STAR CLUSTER FORMATION AND FEEDBACK

M. Krumholz (University of California, Santa Cruz, Astronomy, Santa Cruz, United States),
M. Bate (Exeter University, Astrophysics, United Kingdom),
H. Arce (Yale University, Astronomy, United States),
J. Dale (Czech Academy of Sciences, Mathematics, Physics, and Earth Sciences, Czech Republic),
R. Gutermuth (University of Massachusetts, Department of Astronomy, United States),
R. Klein (University of California, Berkeley, Astronomy, United States),
Z.-Y. Li (University of Virginia, Astronomy, United States),
F. Nakamura (National Astronomical Observatory of Japan, Japan),
Q. Zhang (Harvard-Smithsonian Center for Astrophysics, United States)

Stars do not generally form in isolation.

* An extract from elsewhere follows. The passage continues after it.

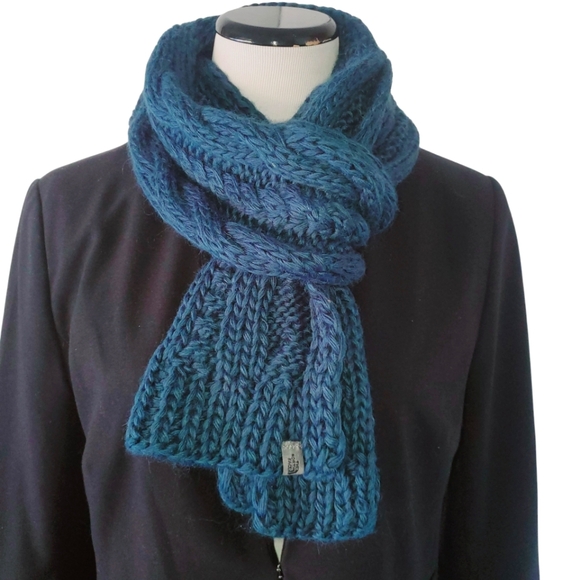 The North Face Accessories - THE NORTH FACE Dark Teal Alpaca Blend Chunky Cable Knit Sweater Scarf Unisex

Instead, they form in clusters, and in these clustered environments newborn stars can have profound effects on one another and on their parent gas clouds. Feedback from clustered stars is almost certainly responsible for a number of otherwise puzzling facts about star formation: that it is an inefficient process that proceeds slowly when averaged over galactic scales; that it produces mostly unbound field stars rather than bound clusters; and that it produces an IMF with a distinct peak in the range 0.1 - 1 Msun, rather than an IMF dominated by brown dwarfs. In this review we summarize current observational constraints and theoretical models for the complex interplay between clustered star formation and feedback.